As far as the persons or bodies in situation (i) are concerned, the question is answered by Directive 2003/4 itself, Article 3(1) of which provides that ‘Member States shall ensure that public authorities are required, in accordance with the provisions of this Directive, to make available environmental information held by or for them to any applicant …’ In short, Directive 2003/4 imposes on the State – both the State stricto sensu and a ‘public authority’ in the broader sense of Article 2(2)(b) of Directive 2003/4 – the obligation to permit access to environmental information held by it, regardless of the capacity in which it obtained that information: in other words, both where that information is the result of exercising its imperium and where it is the result of its activities as a body governed by private law.
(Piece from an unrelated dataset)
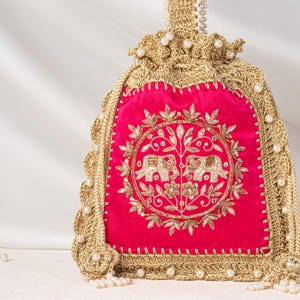 Könnte beinhalten: Ein fuchsiafarbener Samtbeutel mit Kordelzug und einer zentralen kreisförmigen Stickerei aus zwei Elefanten und Blumenmotiven in Goldfaden. Die Tasche ist mit aufwendigen goldenen Häkelarbeiten umrandet und mit kleinen weißen Perlen verziert.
As far as the persons or bodies in situation (ii) are concerned, it is my view that they do not warrant the same treatment. They may be regarded as public authorities only to the extent that they perform activities relating to the environment in circumstances which may be classified as ‘control’ within the meaning of Article 2(2)(c) of Directive 2003/4; in other words, in so far as they act ‘under the control’ of the public authorities. Aside from that, they are merely individuals and, as such, are not subject to the requirement laid down in Article 3(1) of the directive.
I accept that, as the parties have observed, the foregoing may, in certain circumstances, give rise to a ‘hybrid’ situation which is difficult to handle in practice. In so far as that is the case, it is my opinion that, in the light of the spirit of Directive 2003/4 and its objective of promoting access to information held by the public authorities in the broadest sense of the term, situations of uncertainty should always be resolved in favour of the person requesting information.’
For EU law, the Court’s judgment will be of tremendous importance. ‘Public authorities’ is a concept which is used extensively in EU law. While formally opined vis-a-vis the environmental information Directive, it is clear that the analysis of the AG may be of general use for EU law and consequently will have an impact on the ever-increasing trend of privitisation and outsourcing of public functions.